Task to carry out ->
Transcribe, verbatim, every line from the start of the entries through the line that contains "Седан BMW 5 Series 2012 в Полтаві"; include both boundary lines and omit all others.

Records to use ->

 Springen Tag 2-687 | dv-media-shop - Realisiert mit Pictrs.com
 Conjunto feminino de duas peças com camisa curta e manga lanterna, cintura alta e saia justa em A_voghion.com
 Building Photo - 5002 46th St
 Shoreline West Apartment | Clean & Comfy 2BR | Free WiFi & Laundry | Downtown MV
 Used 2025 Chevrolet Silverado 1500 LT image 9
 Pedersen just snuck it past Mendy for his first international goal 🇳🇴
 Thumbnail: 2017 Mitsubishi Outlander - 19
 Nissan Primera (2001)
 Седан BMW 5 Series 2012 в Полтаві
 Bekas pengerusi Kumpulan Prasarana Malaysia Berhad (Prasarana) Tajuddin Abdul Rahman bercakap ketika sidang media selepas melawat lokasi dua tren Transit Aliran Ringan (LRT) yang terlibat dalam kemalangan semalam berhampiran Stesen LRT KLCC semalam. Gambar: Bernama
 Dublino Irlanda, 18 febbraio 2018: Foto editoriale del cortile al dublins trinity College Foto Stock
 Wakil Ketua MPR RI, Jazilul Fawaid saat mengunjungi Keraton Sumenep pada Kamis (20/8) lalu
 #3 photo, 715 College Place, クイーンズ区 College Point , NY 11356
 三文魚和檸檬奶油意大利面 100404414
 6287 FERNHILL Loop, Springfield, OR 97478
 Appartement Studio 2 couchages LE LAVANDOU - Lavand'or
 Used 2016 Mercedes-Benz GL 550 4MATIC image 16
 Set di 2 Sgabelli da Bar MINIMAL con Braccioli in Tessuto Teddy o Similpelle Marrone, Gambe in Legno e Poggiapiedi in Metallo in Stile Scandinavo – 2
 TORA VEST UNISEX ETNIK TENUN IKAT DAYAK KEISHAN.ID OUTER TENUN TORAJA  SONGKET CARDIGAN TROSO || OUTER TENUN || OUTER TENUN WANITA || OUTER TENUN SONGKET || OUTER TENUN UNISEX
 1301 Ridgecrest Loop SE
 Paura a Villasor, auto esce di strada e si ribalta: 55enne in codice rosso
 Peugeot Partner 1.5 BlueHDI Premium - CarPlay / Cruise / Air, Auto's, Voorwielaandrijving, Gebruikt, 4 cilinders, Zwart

Answer for the task ->
 Springen Tag 2-687 | dv-media-shop - Realisiert mit Pictrs.com
 Conjunto feminino de duas peças com camisa curta e manga lanterna, cintura alta e saia justa em A_voghion.com
 Building Photo - 5002 46th St
 Shoreline West Apartment | Clean & Comfy 2BR | Free WiFi & Laundry | Downtown MV
 Used 2025 Chevrolet Silverado 1500 LT image 9
 Pedersen just snuck it past Mendy for his first international goal 🇳🇴
 Thumbnail: 2017 Mitsubishi Outlander - 19
 Nissan Primera (2001)
 Седан BMW 5 Series 2012 в Полтаві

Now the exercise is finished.